### Activity
Give back the line below containing "splenic rupture, patients" and every later line, exactly.

[Collection entries]
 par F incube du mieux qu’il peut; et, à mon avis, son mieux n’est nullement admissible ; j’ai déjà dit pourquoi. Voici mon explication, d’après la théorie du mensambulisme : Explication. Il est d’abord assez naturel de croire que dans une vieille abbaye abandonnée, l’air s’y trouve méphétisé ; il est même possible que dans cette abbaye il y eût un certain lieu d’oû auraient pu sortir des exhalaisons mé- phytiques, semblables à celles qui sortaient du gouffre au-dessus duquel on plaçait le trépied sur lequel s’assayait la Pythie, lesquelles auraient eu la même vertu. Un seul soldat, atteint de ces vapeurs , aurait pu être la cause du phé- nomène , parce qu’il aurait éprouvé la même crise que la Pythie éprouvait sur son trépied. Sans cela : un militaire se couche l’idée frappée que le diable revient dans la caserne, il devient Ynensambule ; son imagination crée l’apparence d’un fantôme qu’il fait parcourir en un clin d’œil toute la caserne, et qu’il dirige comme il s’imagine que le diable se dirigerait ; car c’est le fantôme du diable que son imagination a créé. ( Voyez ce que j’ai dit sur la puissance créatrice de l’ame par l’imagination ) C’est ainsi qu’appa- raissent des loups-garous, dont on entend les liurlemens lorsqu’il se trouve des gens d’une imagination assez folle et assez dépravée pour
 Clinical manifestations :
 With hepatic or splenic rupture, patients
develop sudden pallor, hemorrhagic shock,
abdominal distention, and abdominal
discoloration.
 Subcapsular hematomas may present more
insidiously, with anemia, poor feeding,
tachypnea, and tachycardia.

### Result
 With hepatic or splenic rupture, patients
develop sudden pallor, hemorrhagic shock,
abdominal distention, and abdominal
discoloration.
 Subcapsular hematomas may present more
insidiously, with anemia, poor feeding,
tachypnea, and tachycardia.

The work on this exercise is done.